Saerbeck macht sich unabhängig und setzt auf Wind, Sonne und Biomasse

Von Energystar @energynet

Die westfälische Gemeinde Saerbeck ist für ihr Engagement als „Energie-Kommune“ des Monats März 2011 ausgezeichnet worden. Mit diesem Titel würdigt die Agentur fürErneuerbare Energien vorbildliche kommunale Energieprojekte und stellt sie auf dem Infoportal www.kommunal-erneuerbar.de ausführlich vor.
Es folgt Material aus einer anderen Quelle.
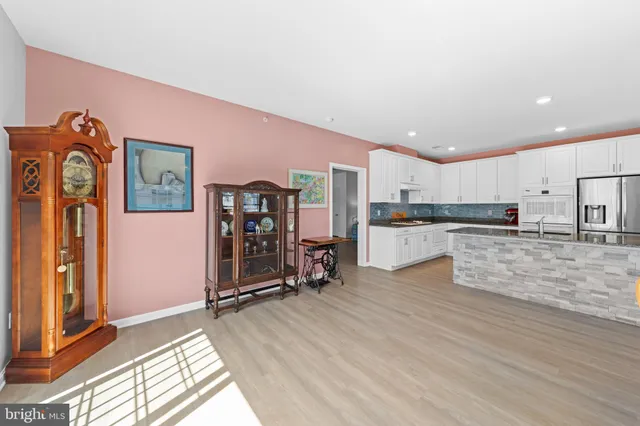 $415,000 | 24525 Merlot Drive, Lewes, DE 19958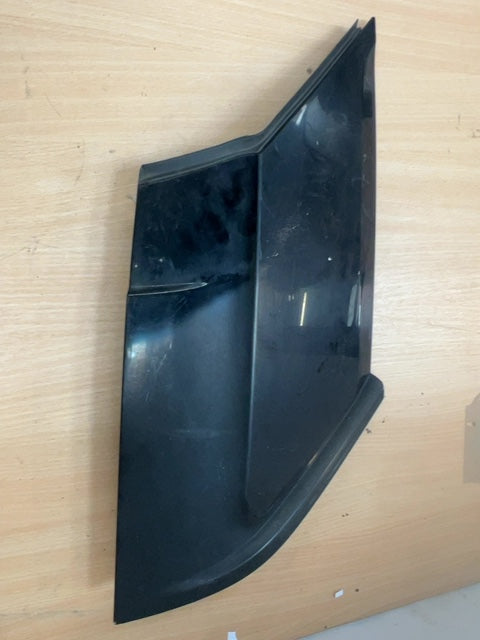 Land Rover Range Rover Evoque L538 2015-2018 Rear Left Pillar Trim Ej3229149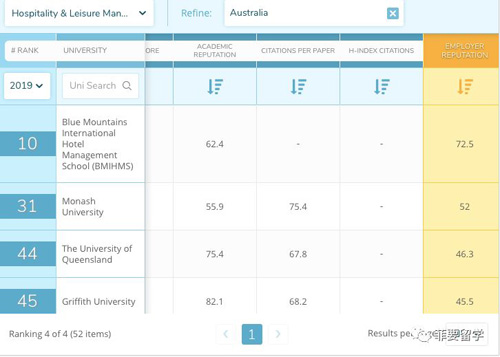 1662475634209482.jpeg 03.jpg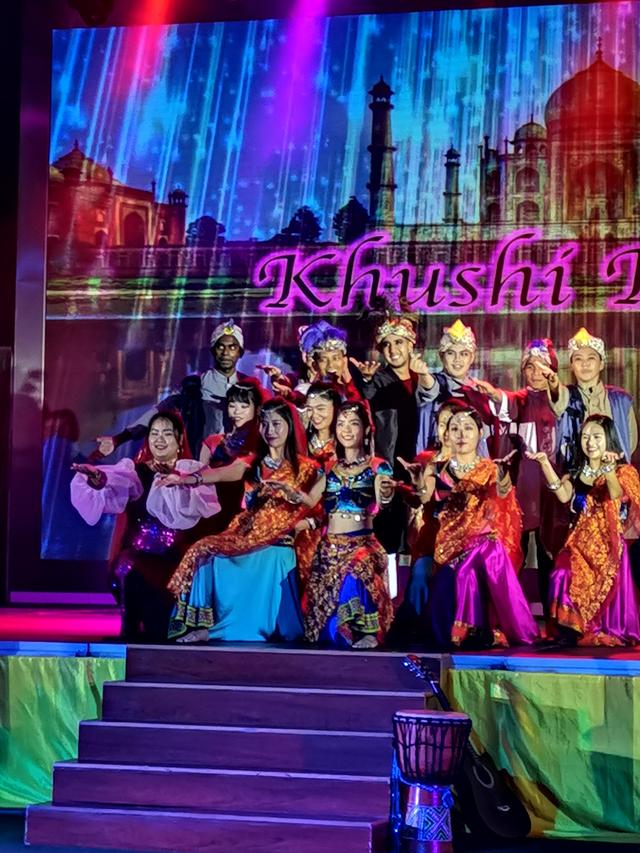 三亚十大最适合亲子游的酒店是什么，三亚最好玩的亲子酒店（国内亲子酒店天花板——CLUB）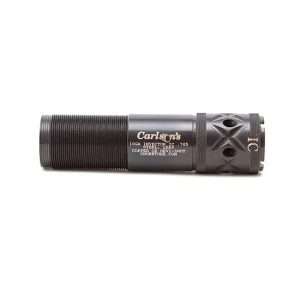 Carlson's 10GA Choke Tube - Browning Invector Ported Sporting Clay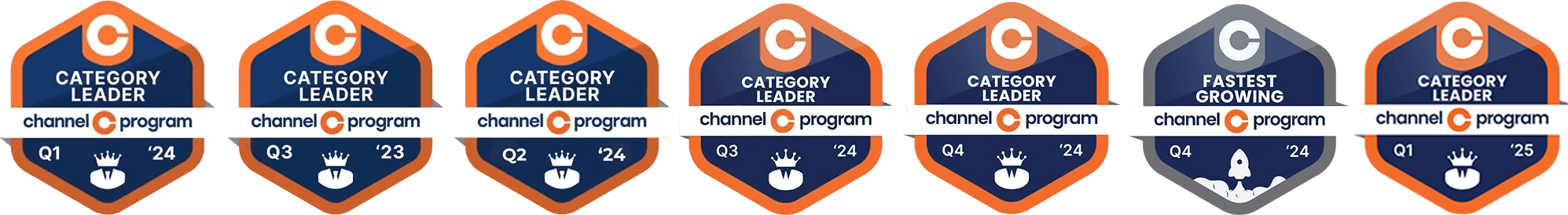 Accolades-Badges-25-1 Accolades-Badges-25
Die 7300-Einwohner-Gemeinde möchte bis 2030 ihren Energiebedarf in der Bilanz vollständig aus Erneuerbaren Energien decken. Die erwartete Überproduktion beim Stromsoll die Minderproduktion bei der Wärme und Mobilität bilanziell ausgleichen. Die Bürger stehen hinter dem Ausbau von Wind, Sonne und Co. in ihrer Nachbarschaft. „Die Gemeinde hat frühzeitig und umfassend informiert. Dadurch besteht eine große Akzeptanz für die vorgesehenen Projekte und eine hohe Nachfrage nach eigenen Investitionen in Bürgeranlagen“, versichert Wilfried Roos, parteiloser Bürgermeister der Gemeinde Saerbeck.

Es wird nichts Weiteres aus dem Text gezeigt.